Eight Tips for Deciphering Cat Food Names and Claims

Tip No. 3: Don’t Judge a Box by its (Front) Cover continued...

There are three main rules that pet food manufacturers must follow when picking a name for their product. Understanding them will help you choose the best food for your cat.

Rule #1: If the product name reads “Tuna Cat Food” or “Chicken Cat Food,” then it must contain at least 95% of the named ingredient, not including moisture content. But here’s where it gets tricky: If the product name contains two ingredients (for example “Chicken and Fish Cat Food”), the food has to contain more of whichever one is named first, but together they must add up to 95%.

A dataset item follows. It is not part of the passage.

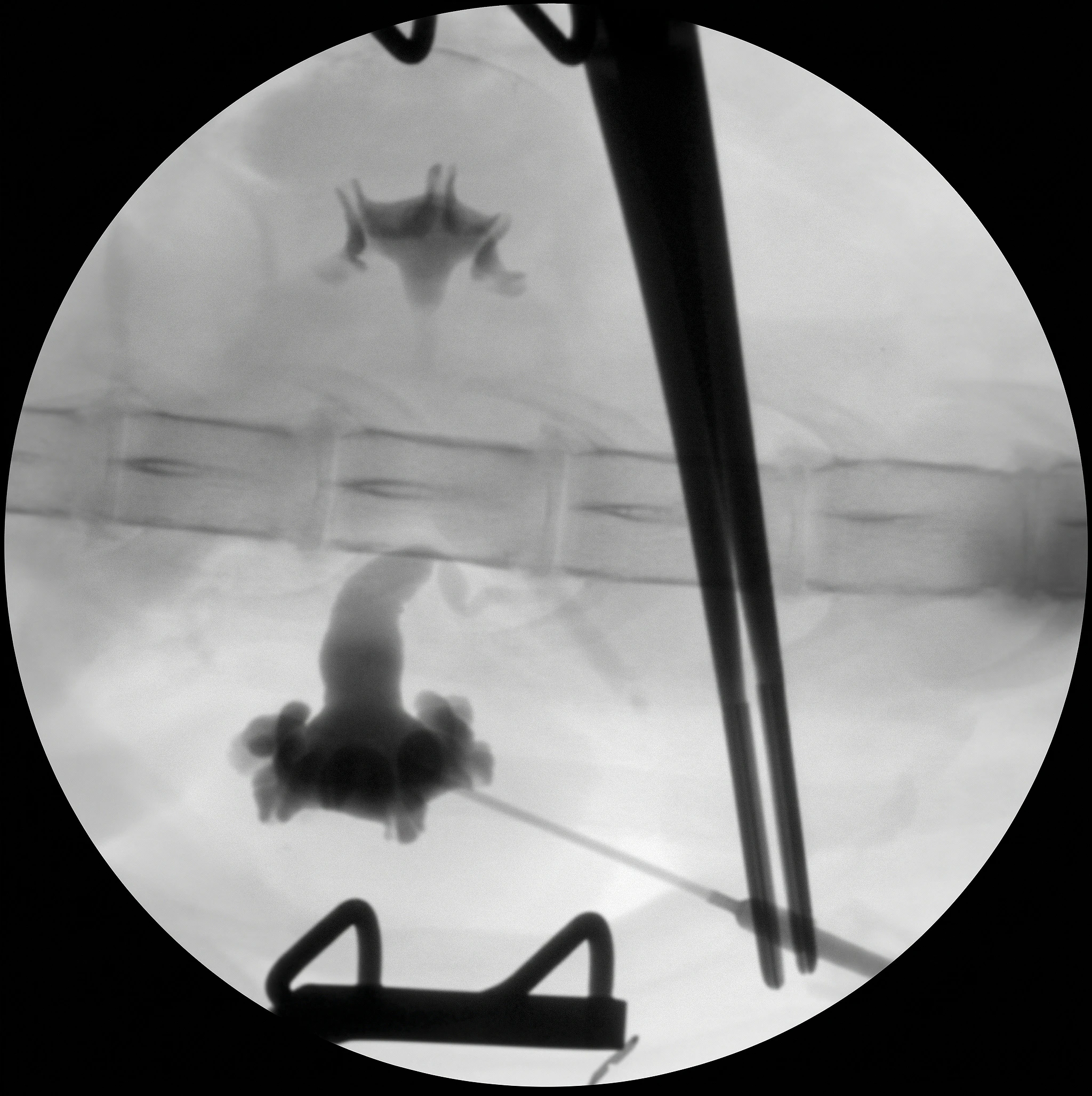 Subcutaneous Ureteral Bypass in Cats device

Rule #2: Don’t let the word “dinner” fool you into thinking your cat is getting a meatier dish. This rule states that if the product contains less than 95% meat or fish, but more than 25%, the product name must include a qualifier such as “dinner,” “entrée,” “formula,” “platter,” and so on. Check the ingredients list closely in these cases to make sure you’re feeding your cat what you think you are. The ingredient in the product name may only make up a quarter of the product. Something named “Chicken Cat Dinner,” may actually be mostly fish.

Rule # 3: Throw the word “with” in the product name, and manufacturers are only required to include 3% of that named ingredient in the food. So, “Cat Food with Tuna,” may have a lot less tuna in it than “Tuna Cat Food.”

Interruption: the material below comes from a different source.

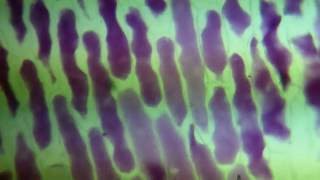 Red Onion Osmosis Plasmolysis begins at 110  Mr Pauller [upl. by Kreindler]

Tip No. 4: Meat Is Not Meal

After you figure out the product name puzzle, scan the ingredients to see where your cat’s favorite item ranks.

Ingredients are listed by weight, with the heaviest ones first.

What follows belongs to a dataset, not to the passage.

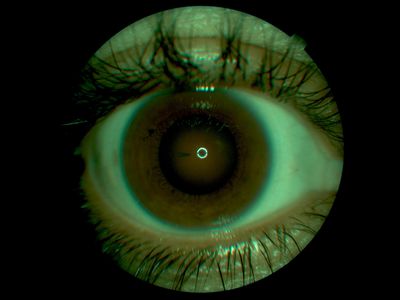 Penetrating corneal stick injury2
Px gardening, bent down and recieved stick injury from Yucca/cactus plant. Endothelium projecting into anterior chamber. (different exposure to injury1)
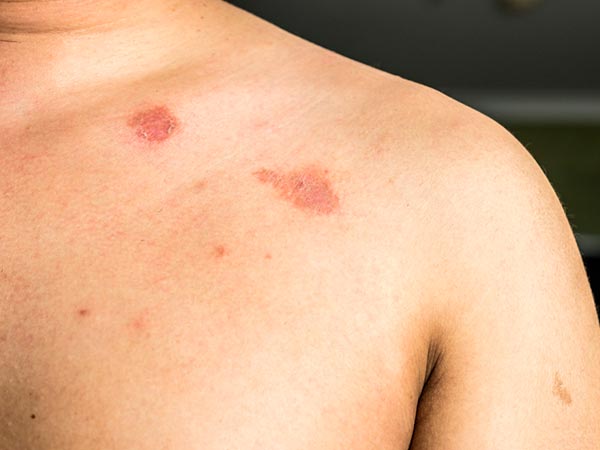 Tratamento de micoses, verrugas e pintas Tratamento de micoses e doenças que acometem a pele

Here are some of the most common ingredients:

  • Meat: Cleaned flesh from chicken, lamb, turkey, cattle, and related animals that have been slaughtered specifically for animal feed purposes. However, flesh means more than skin. It may include muscle, (including the diaphragm), fat, nerves, blood vessels from the skin, the heart, esophagus, and the tongue.
  • Meat by-product: Clean, nonflesh parts from the same animals mentioned above. This can include the blood, bone, brain, liver, lungs, liver, kidneys, and emptied stomach and intestines. There are no hooves, hair, horns, or teeth in meat byproducts. Chicken by-products are feather-free.
  • Beef tallow: A fat made from beef.
  • Meal: Finely ground tissue.
  • Bone meal: Finely ground bone from slaughtered feed animals.
  • Fish meal: Clean, ground undecomposed whole fish or fish pieces. The fish may or may not still contain fish oil.
  • Ground corn: Chopped or ground corn kernels.
  • Corn gluten meal: A product that forms after corn syrup or starch is made.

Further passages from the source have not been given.